Six-day boating cruise along Ontario's scenic Trent-Severn Waterway: "Cost of fuel for the 100-mile cruise? Zero. Amount of air and water pollution? Zero. Number of stares from other boaters? Countless." Monte Gisborne is a mechanical engineer who built The Loon, a solar-powered pontoon boat. "A guy with a 45-foot powerboat said his fuel costs were $5 a mile. I can do 10 miles a day for free with the sun [and 30 to 40 miles with batteries]," Gisborne said.
Their eight-seat pontoon boat called The Loon is solar-electric. On overcast days, eight 6-volt batteries kept them clipping along all day at 5 knots (6 mph). At night, The Loon was plugged into standard electrical outlets at local marinas to recharge its batteries. [...]

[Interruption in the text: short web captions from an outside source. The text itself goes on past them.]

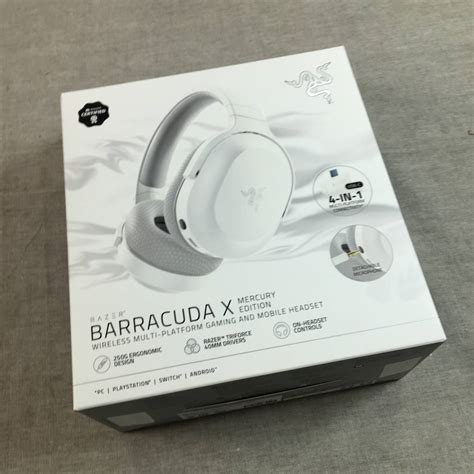 Yahoo Razer Barracuda X Mercury White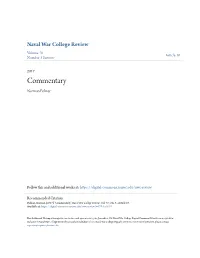 Commentary Norman Polmar
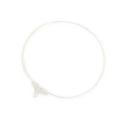 Créoles simples ø 40 mm Argenté 925 - 2 pcs - Perles Corner - Rougier et Plé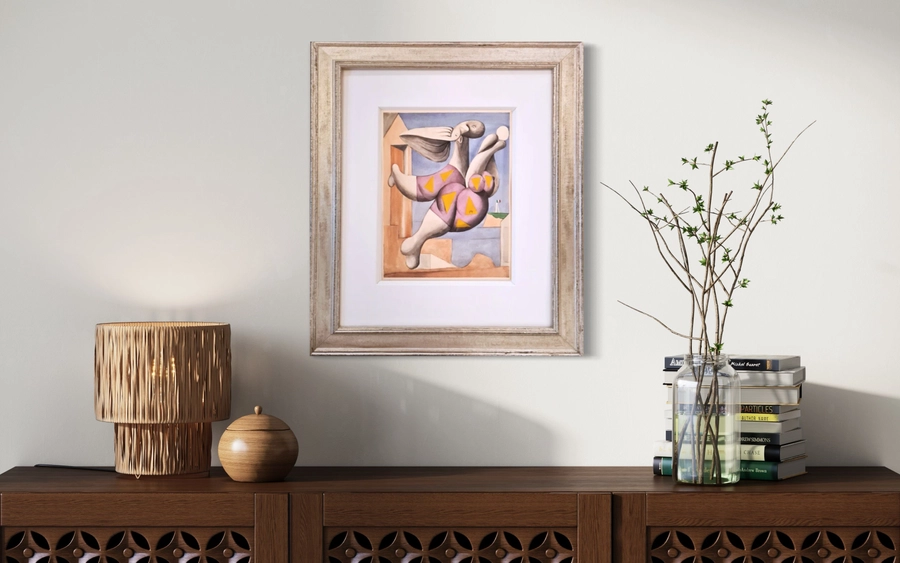 Bathing playing with ball (1932)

According to Gisborne, the cost to recharge the batteries is about 1 to 2 cents a mile. On a full charge, the boat travels 30 to 40 miles before it needs recharging.

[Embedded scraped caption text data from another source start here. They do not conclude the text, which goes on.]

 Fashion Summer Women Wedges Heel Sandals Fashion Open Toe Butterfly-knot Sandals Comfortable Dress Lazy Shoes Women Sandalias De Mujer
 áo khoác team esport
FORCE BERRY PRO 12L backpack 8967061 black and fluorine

Gisborne's an electro-geek: He rides a self-built electric snowmobile dubbed the Sk-E-Doo in the winter and an electric lawn tractor in the summer.
He's converted all manner of cars, trucks and scooters to electric. He would love to be in the electric-car business but the red tape and other barriers made it seem impossible
The Loon is 20 feet long and is topped by a custom 738 watt solar panel. Since most recreational boating is done when the weather is nice, solar power is particularly well adapted to the task.
"All things being equal, and to avoid being around a stinky motor, most people would choose a green alternative like this," said Brad Collins of The American Solar Energy Society.